How she knew it was right: I knew Beloit was right for me because it's the first place I've truly been able to take all my interests and mix them together. Nobody has ever questioned my desire to write poems about U.S. presidents or stopped me from writing critical essays in my own voice.
How her honors term has allowed her to stay at Beloit after graduating: My ultimate goal in life is to be a poet and a professor, and I wrote my honors term proposal with that goal in mind. During my honors term semester, I’m taking the 30 poems from my creative writing honors thesis and the 30 poems about presidents from my American studies capstone and turning them into one cohesive book-length manuscript. By May, I hope to have something I can send out for publication and/or graduate school. Also, the prospect of working closely with one of my favorite poets of all time, Kevin Young, who holds the 2013 Lois and Willard Mackey Chair in Creative Writing, made it a whole lot easier for me to choose to stick around.

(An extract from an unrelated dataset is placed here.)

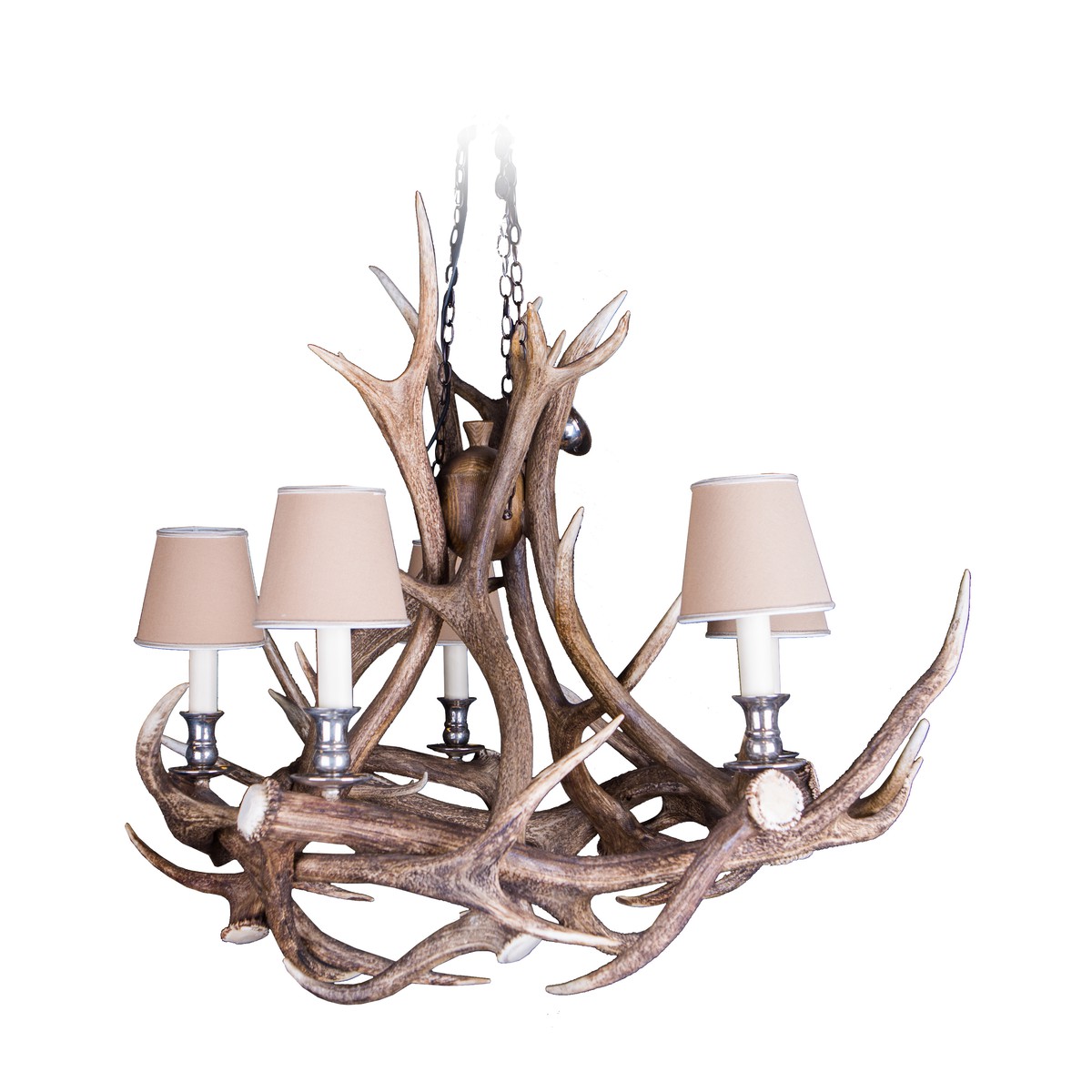   Lustre 5 bras  sans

What she does on campus: I’m the co-editor-in-chief of the Round Table now, but I was the opinions editor for a year and a half. I don’t really sleep on production nights, but it’s totally worth it. I can’t really imagine not being involved in the paper. I love nights when we’re all together writing, editing, helping each other, and watching silly YouTube videos. I also work at the Writing Center, which is oddly rewarding because I get to read other people’s essays and learn about things I wouldn’t have learned about otherwise.
How she took advantage of unique Beloit opportunities: I was really glad I chose Beloit when I received a Venture Grant to go across New England to the homes and graves of lesser-known 19th century presidents. That was my most amazing nerd moment at Beloit College.
On creating a writing event: I’ve organized Sh*t Lit twice now—it’s an event where creative writing majors read really bad stuff that they wrote in high school. Learning how to organize and promote an event was really valuable. Both times, C-Haus was packed, and I was sitting on the floor crying from laughing. It was really great because I put it together, I put a lot of effort into it, and it worked so well.
On the rewards of sending out her writing: Over the summer of 2011, I submitted to 20 literary journals. I got a couple of rejections, but I got a few acceptances as well. One of the journals, Mixed Fruit, published “Dear Brigadier,” a love poem I wrote to Ulysses S. Grant, and “Converting,” a poem I wrote about visiting George Washington’s Mount Vernon Estate in Virginia with my sister and her kids. Mixed Fruit decided that “Converting” was one of the best they published all year, so they nominated it for the Pushcart Prize (an American literary prize by Pushcart Press honoring the best poetry, short fiction, and essays). It feels like my work has paid off and makes me want to work harder.
How she made the most of her major: My honors thesis in creative writing was about 30 pages of poems about Civil War-era African-American history as well as my experiences growing up biracial. Writing so much is scary, especially because it all has to fit under some sort of main idea. I’m excited to have some sort of cohesive manuscript finished. It’s one step closer to being a poet.